There is research into recreating RGB imagery in printmaking, for example using Spectraval pearlescent pigments by Merck Group. These are suitable for screen, gravure and flexo printing. Red, blue and green are overprinted on black to create lighter shades where they overlap.
Pantone Matching System
The Pantone Matching System is a numbering system for colours in graphic design. This system is widely used to define solid colours, for what is also knows as spot printing. In this process, a single colour is formulated rather than mixed by overprinting CMYK.
There are plenty of reasons why you might use Pantone colours:
- For more colour accuracy when printing, especially across different jobs, or when different printers being used
- To define specific brand colours that can always be accurately reproduced through spot colour printing
- Pantone allows for bright and bold, saturated colours; even neons, pastels and metallics
- You can colour match accurately across other Pantone Systems – for example for textiles
The Pantone Formula Guides, or fans, are an international go-to reference for colour specification and verification.
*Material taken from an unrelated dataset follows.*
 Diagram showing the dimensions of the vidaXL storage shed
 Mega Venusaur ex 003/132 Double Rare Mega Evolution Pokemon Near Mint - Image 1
Each colour swatch has a specific name and recipe, which tells you the base colours it is mixed from. This is what we use in the printmaking workshops to determine how to achieve that perfect shade.
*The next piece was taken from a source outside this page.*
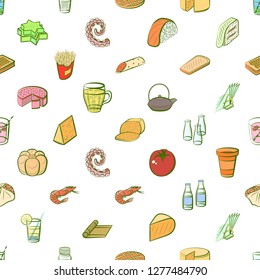 Various images set. Background for printing, design, web. Usable as icons. Seamless. Colored.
If you work a lot in inDesign and prepare books for print, my main tip is to set up a Preflight profile that checks for allowed colour spaces and image resolution. That way, you can check the entire document in an instant. I have one set up for print, and one for digital publishing, where only RGB is allowed. You can choose to only allow spot colours for example, if you are defining only Pantones for a print job.
Mixing Pantone colours for printmaking
When mixing colours for printing, there are several things that will affect your mix:
- The type of inks. Oil based and water based inks will require different recipes
- The mixing medium. in screen printing for example, this will determine the opacity of your ink
- The printing method. How thick is your layer of ink going to be?
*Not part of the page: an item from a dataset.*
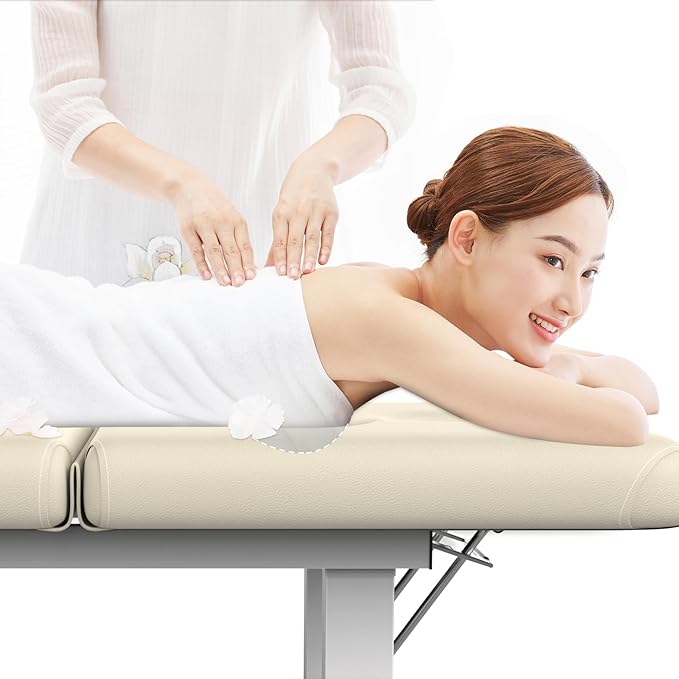 pouseayar Metal Frame Wide Stationary Massage Table for Treatment Table Physical Therapy Table Spa Facial Bed, PU Leather 31.5'' Wide 75'' Long (Beige Grey, Segmented Structure)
- The substrate. What you are printing onto? Is it absorbent, like uncoated paper or fabric? Is it glass? Is it light or dark?
- The lighting in the room will affect how you view colour. Remember ‘the dress’ that went viral?
- How new is your reference Pantone swatch? If it has been exposed to light and is old, its colour will not be accurate anymore.
All of these factors mean that the recipe can only get you so far. To accurately mix your colour, always mix a small amount first until you have your formula right. That way you won’t waste a lot of ink and you will be able to keep your mix simple more easily.
Keep testing as you go along. The easiest way to do this is to have a small sample of your substrate ready. Dip your little finger into the ink you have mixed and then dab it onto the substrate. Keep dabbing your finger, so the ink layer thins out, as this will represent your final outcome more closely.
The letterpress workshop at LCC uses the same inks as offset lithographic printing. Our range is called Saphira by Heidelberg, and the workshop stocks all the base colours you need for mixing any Pantone shade.